Beyond Software Trust: Securing Embedded Systems from the Ground Up

Author: Denis Avetisyan

A new hardware-software co-design eliminates the need for a runtime software trusted computing base, offering a fundamentally more secure approach to embedded system protection.

Skadi’s architecture compartmentalizes subsystems and employs a specialized loader to establish a robust security model; trusted components-including a fault handler designed for controlled system halts and time-limited trapdoor/proxy mechanisms-operate alongside memory-mapped I/O capabilities delegated by the loader, collectively ensuring system integrity through carefully managed privilege and access control as represented by the flow of calls between subsystems.

This paper details Skadi and Bredi, a capability-based architecture achieving subsystem isolation and secure boot without a runtime TCB.

Embedded systems increasingly face sophisticated threats targeting application software, operating system kernels, and peripheral devices, yet existing security approaches typically address only a subset of these vectors. This paper, ‘Trust Nothing: RTOS Security without Run-Time Software TCB (Extended Version)’, introduces Skadi and Bredi, a novel hardware-software co-design that achieves robust security by eliminating the need for a runtime software trusted computing base (TCB). Through a capability-based architecture and a disaggregated, isolated real-time operating system built on Zephyr, all runtime subsystems-including the scheduler, allocator, DMA drivers, and peripherals-are treated as untrusted components. Does this approach represent a viable path toward building truly secure-by-design embedded systems for critical applications?
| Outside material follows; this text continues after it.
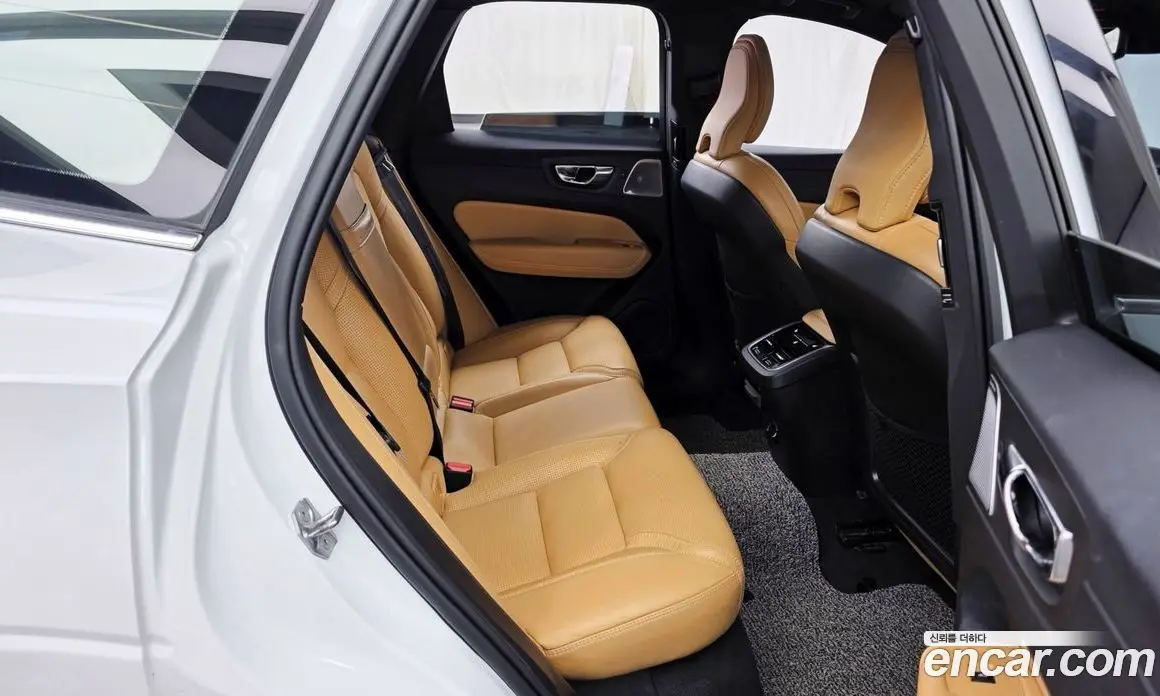 Volvo XC60 2020 2.0 АКПП, фото 18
The Expanding Attack Surface: Beyond Conventional Defenses

The proliferation of interconnected embedded systems – from critical infrastructure and automotive components to medical devices and consumer electronics – has dramatically expanded the attack surface for malicious actors. No longer confined to traditional IT networks, these systems are increasingly targeted by sophisticated threats ranging from data breaches and denial-of-service attacks to physical manipulation and complete system compromise. The growing complexity of these devices, coupled with often limited resources and infrequent security updates, creates a fertile ground for exploitation. Consequently, a proactive and multi-layered approach to security is essential, demanding robust measures that extend beyond conventional software-based protections and address vulnerabilities at every level of the system architecture. The stakes are particularly high, as successful attacks can have far-reaching consequences, impacting safety, privacy, and economic stability.

Contemporary digital security frequently depends on layered software architectures, but this complexity inadvertently creates substantial risk. Each component within these stacks – operating systems, libraries, and applications – represents a potential attack surface, and vulnerabilities in even a single layer can compromise the entire system. Moreover, maintaining these sprawling software ecosystems presents ongoing challenges; patching flaws, addressing compatibility issues, and responding to newly discovered exploits demand significant resources and introduce further opportunities for error. This constant cycle of updates and revisions can inadvertently introduce regressions or create new vulnerabilities, making long-term security a moving target. The inherent difficulty in formally verifying such intricate systems highlights the need for fundamentally different approaches to security that minimize reliance on complex software and prioritize simplicity and provability.

The escalating complexity of modern systems necessitates a reimagining of security foundations, moving beyond software-centric defenses. Increasingly, researchers and developers are recognizing that true trustworthiness demands integrating security directly into the hardware architecture. This involves establishing a system where access to resources isn’t granted based on identity, but on capability – a secure token proving the right to perform a specific action. By minimizing the trusted computing base and reducing the attack surface, capability-based systems dramatically limit the potential damage from compromised software. This approach, fortified by hardware enforcement, creates a more resilient and predictable security posture, offering a pathway towards building systems that are inherently more secure and reliable against evolving threats, rather than constantly patching vulnerabilities in complex software stacks.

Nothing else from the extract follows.